With the global population estimated to surpass 9 billion people by 2050, U.S. farmers and food suppliers are facing unprecedented pressure to grow even more of the crops that clothe, fuel and feed our own nation as well as contributing to the rest of the world. Increasingly, growers are turning to sustainable practices such as crop rotation and the adoption of practices to improve the quality of water and soil.
But another area growing in importance is the discovery of new technologies to bring the main utilities required for farming – pure water and electricity – to new locations where farming hasn’t been feasible before. Approximately 20% of the world’s land mass is barren, or non-arable, land.
Getting water and energy to more of these areas increases the land available for food production and helps to combat the growing risk of food scarcity.

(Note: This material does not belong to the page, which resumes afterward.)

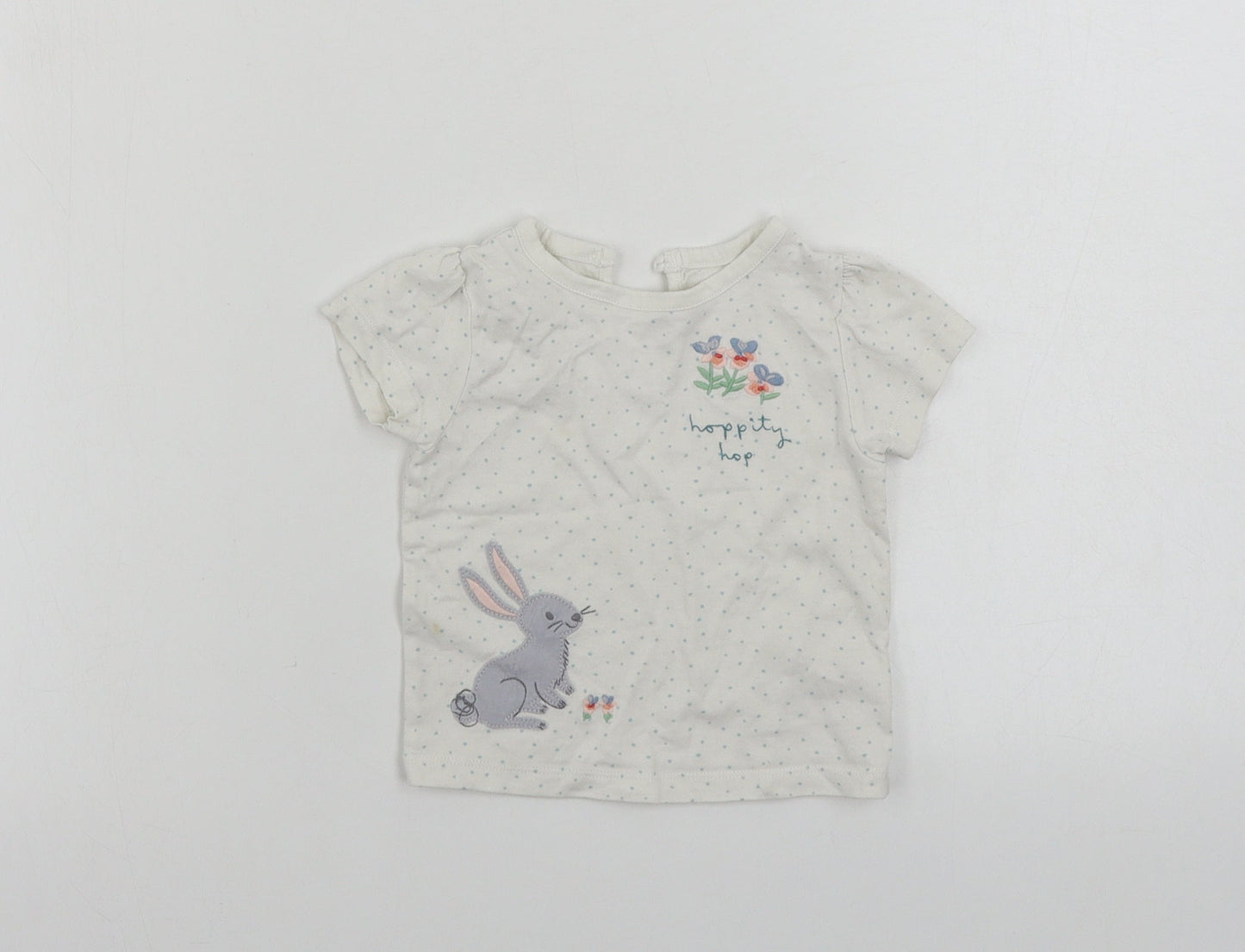 Marks and Spencer  Girls White Polka Dot  Basic T-Shirt Size 3-6 Months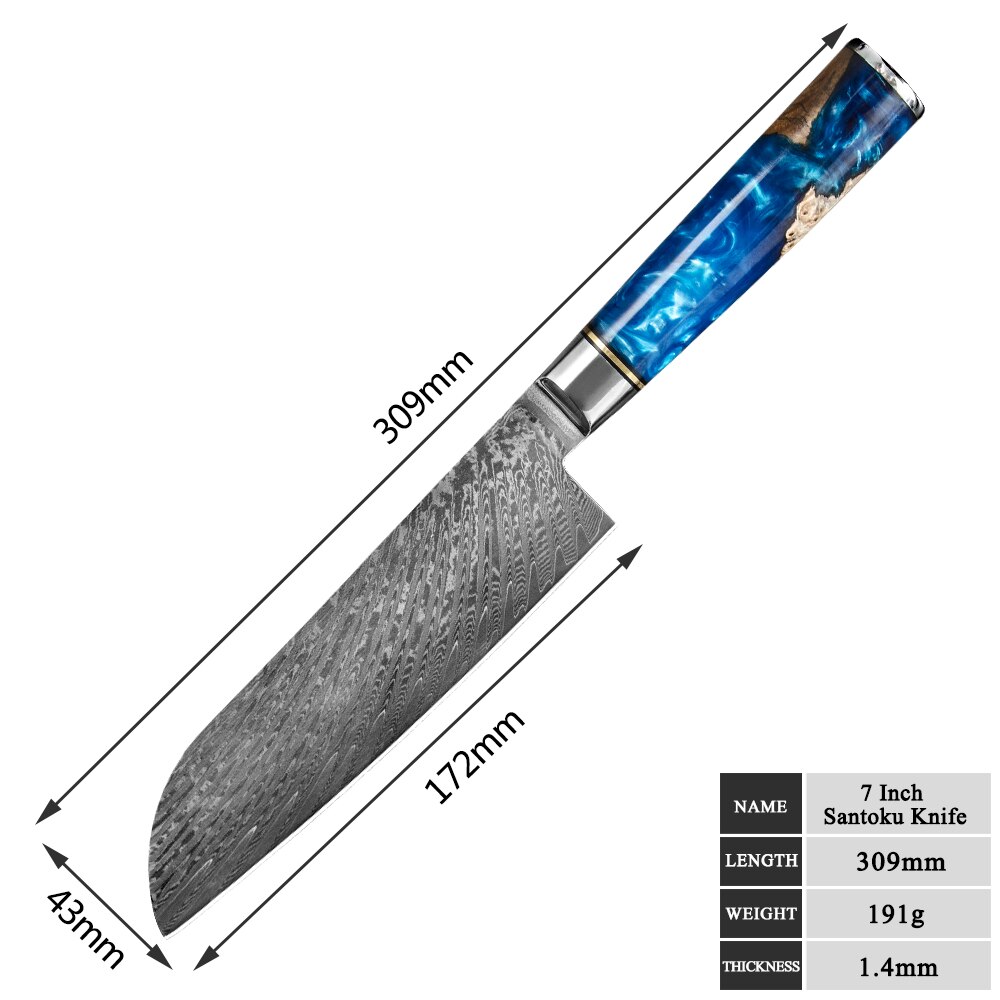 Damascus Steel Butcher Kitchen Chef Knives Set Chopper Meat Chopping Knife Resin Color Wood Handle Cutter Chopper Slicing Tools: 7 inch santoku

A science and innovation company we spoke with from Salt Lake City, Utah, has launched a solution that may help. Chaac Technologies has developed a novel technology extracts water and power directly from the atmosphere with a patent-pending, environmentally friendly, and affordable system for commercial agriculture and farming businesses. The technology comprises what the company believes may be the first fully sustainable and distributed utility grid.
When implemented, the technology will aim to give growers access to areas that haven’t been suitable for farming before through systems that can either retrofit to existing greenhouse infrastructures (e.g., hydroponics, aquaponics, aeroponics, or vertical farms) to reduce crop loss incurred by high-humidity and low air-flow, or can be used for agribusiness production in formerly non-arable areas of the U.S. and the world.
The company is currently finalizing contracts with at least three major agribusiness providers, CEO Jake Hammock told American Reporter, to produce fresh water, electricity, heat and compressed air for commercial farms and agricultural business. Hammock anticipates the first operating model by the end of this year with broad market availability in 2021.
When integrated into greenhouse infrastructure, he says, the system will also regulate airflow and temperature to enhance and sustain healthy crop production.
The system draws water from the air to create renewable energy from pneumatic power generation. In the process, it also helps communities breathe easier, Hammock said, through a process for water and energy production that doesn’t produce carbon and removes solid waste particulates from the air.
Here’s how the technology works: Growers can use renewable energy or any other energy source to initiate the operation. Chaac’s solution compresses ambient air in any location with 40 percent or higher humidity, and squeezes out the water, like a sponge, in four steps:
- The mechanism forces air into a smaller volume, which increases the pressure and the temperature of the air.
- The compressed air grows warmer as the pressure increases.
- Lower-temperature ambient air cools the hot compressed air.
- Finally, a small decrease in temperature puts the compressed air in a saturated state, allowing full separation of air and water.
The pure water is then available for use and the excess energy and heat can return to the system or move to the grid. Additionally, commercial and industrial developers could ultimately use the technology to convert buildings and infrastructure into micro-substations that produce added power during water generation process that building owners could move to the grid to save or to sell.
In addition to U.S. implementation, the company has also met with government ministers in the United Arab Emirates who’ve expressed interest in using the system to bring water and power to six countries belonging to the Gulf Cooperation.
Hammock introduced the technology to the U.S. in an April interview on Fox News and a recent interview on the streaming program “To the Point” with Eric Mitchell.